Das ist eine sehr gute und auch sehr wichtige Frage. Manchmal kommen Menschen auf mich zu und sagen, dass sie es nicht gut finden, dass ich diese schönen Bilder „verschandele“. Ich für meinen Teil empfinde es mehr so, als würde ich diesen Bildern ein zweites Leben schenken. Wir alle haben ‘die alten Schinken’ bei unseren Großeltern an der Wand gesehen und verbinden Emotionalitäten mit den goldenen Prunkrahmen, angefüllt mit kitschigen Landschaftsszenerien. Aber die Wenigsten hängen sich diese, aus der Mode gekommenen Bilder, in die Wohnung. Sie landen in Kellern, auf Dachböden und im schlimmsten Fall auf dem Müll. In den meisten Fällen landen sie auf dem Flohmarkt. Da hol ich sie dann ab.
Es gibt zig schöne Bilder, gemalt von Künstlern, die es nicht in die großen Museen geschafft haben. Und ihre Bilder werden wie Sperrmüll behandelt. Ich nehme diese Bilder und gestalte sie neu mit meinem Milchbengel. Ich schaffe den Bruch zwischen Omas Guter Stube und fancy Hipster WG. Der Milchbengel nimmt die unbekannten Künstler quasi mit in die Gegenwart. Aus Respekt vor den Künstlern versuche ich, soweit es geht, ihre Signaturen offen zu lassen. Sodass es zu einer Art Collabo wird. Es kann aber auch mal passieren, dass mir ein Bild so gut gefällt, dass ich da keinen Milchbengel drauf male. Dieses Bild ist dann so schön gemalt, dass es für mich zeitlos ist. Und dieses Bild hängt jetzt bei mir im Wohnzimmer. Ohne Bengel.
Welche Materialien benutzt Du sonst noch für Deine Werke?
Meine Hauptmaterialien sind Sprühdosen und Molotow One4All Acryl Marker. Ich möchte mich ein bisschen mehr Richtung Pinsel entwickeln, aber generell stehe ich und diese borstigen Stöckchen eher auf dem Kriegsfuß. Als Untergrund male ich auch sehr gerne auf alten Tabletts aus Metall oder Holz.
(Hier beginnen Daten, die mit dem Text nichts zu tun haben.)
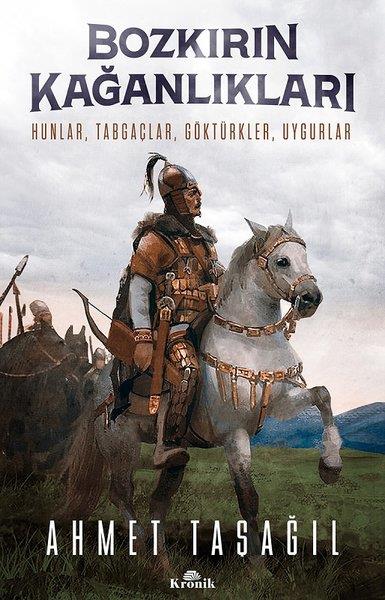 Ahmet TaşağılTürk Tarihi Araştırmaları Kitapları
Hast Du schon das fertige Motiv im Kopf, bevor Du die Wand siehst oder lässt Du dich auch von der jeweiligen Umgebung oder dem Hintergrund beeinflussen?
Ich lasse mich vom Hintergrund leiten. Und was man da so mit machen kann. Kann da vielleicht noch ein Tierchen mit rein oder ein kleines Statement? Das entscheide ich spontan. Ich fühle mich in das Motiv rein und oftmals entsteht auch so der Gesichtsausdruck des Bengels. In jedem Fall versuche ich in den Landschaftsbildern Oz. zu gedenken, indem ich sein Tag irgendwo auf einem Stein oder einer Wand verstecke.
Hast Du Vorbilder oder stetige Inspirationsquellen?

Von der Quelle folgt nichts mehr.